The NICE Accreditation Programme assesses the processes used to produce guidance and advice, and 54 of these processes have been accredited since 2009.
To achieve NICE accreditation, guidance producers are assessed on a case-by-case basis, against criteria in six domains, based on the internationally recognised Appraisal of Guidelines for Research and Evaluation (AGREE II) instrument for developing robust guidance.1 Accredited organisations can display the NICE Accreditation Statement on guidance that is produced to the approved process (see Box 1)—this gives healthcare and social care staff confidence that the information has been developed to a quality process, along with reassurance that it will help them deliver the highest standards of patient care.
The British HIV Association (BHIVA) has received NICE accreditation for all guidance released since 2012, most recently for its antiretroviral therapy guideline (available at: www.bhiva.org/documents/Guidelines/Treatment/2012/hiv1029_2.pdf).2 In this article, BHIVA explains the reasons for applying for accreditation, their experiences of the process, and the resulting benefits.
Box 1: NICE Accreditation
Reasons to seek accreditation
BHIVA is encouraging other guidance producers to work towards achieving NICE accreditation because, from its own experience, this will result in more robust, credible, and evidence-based guidelines. Dr Adrian Palfreeman and Professor Martin Fisher explain: ‘BHIVA acts as a national advisory body to professionals and other organisations and provides a national platform for HIV care. We publish a range of clinical guidelines, covering the treatment and management of HIV infection and associated co-morbidities, to help promote and monitor standards of care.
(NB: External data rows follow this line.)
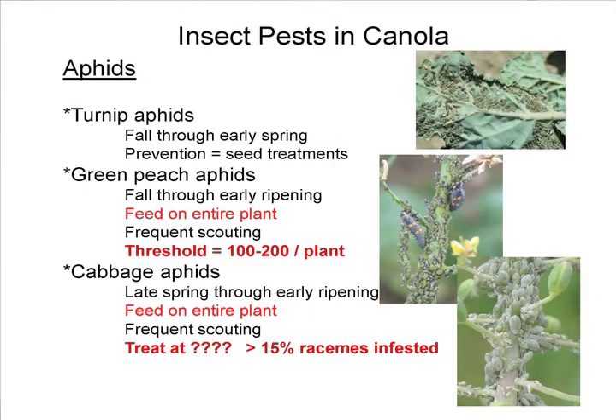The green peach aphid is an interesting situation. They were thought to be a problem from fall through early spring, but we have found them active from fall all the way through harvest. We have seen them feeding on the entire plant — not just leaves, but stalks, flowers, buds, and pods. We've seen them drop all the pods from the plant by feeding on the stem from the stalk to the pod. The threshold is 100 to 200 per plant depending on the time of year, but this year it's dry so you want to go lower — probably 50 to 100 depending on your moisture conditions.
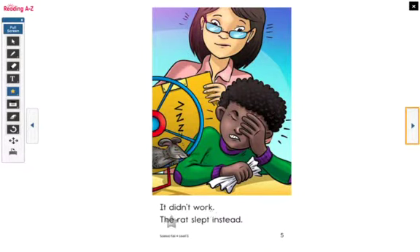It didn't work. The rat slept instead. So what happened here? The rat didn't want to run — it wanted to sleep instead. And that's okay. Sometimes our projects might not turn out the way that we expect them to.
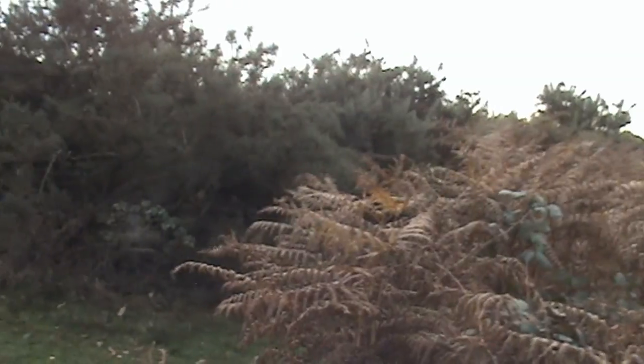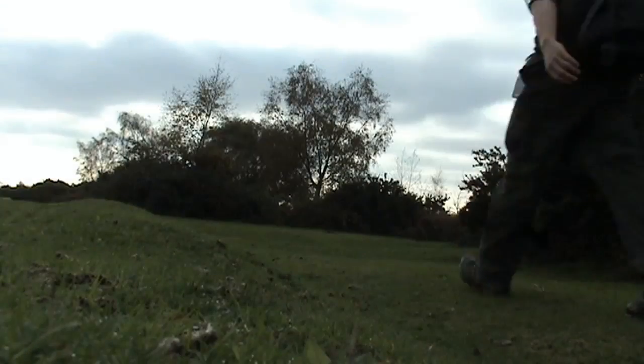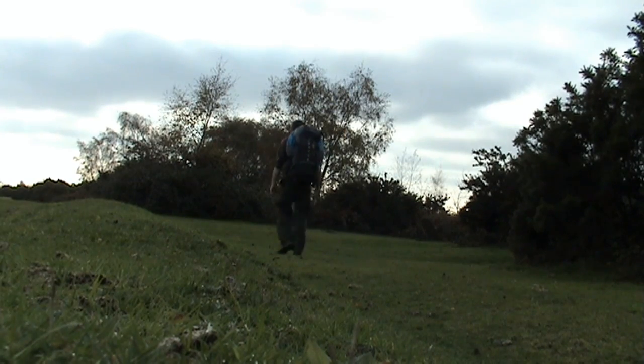According to the OS map - which are probably the best in the world but still not that accurate - there's supposed to be a path about here, and it looks like it's completely overgrown with gorse and stuff. So either I've missed it somehow or it just ain't there anymore. That's okay, there's supposed to be another path a bit further up - we'll see if we can find that one. And if not, we're just going to have to orienteer it and go a little off-road.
‘We decided to aim for NICE accreditation as we could see that a number of challenges lay ahead of us in terms of the validity of our current guidelines. We realised that being able to show that our guidelines were produced in line with the rigorous processes recognised by NICE would be very useful when negotiating with commissioners, and others. NICE accreditation would demonstrate that our guidelines are robust and evidence-based.
‘In current and future economic climates, prescribing choices are likely to be challenged, and rightly so. If BHIVA members and clinicians can prescribe in accordance with guidelines bearing the NICE stamp of approval, they should avoid challenges about their prescribing choices.’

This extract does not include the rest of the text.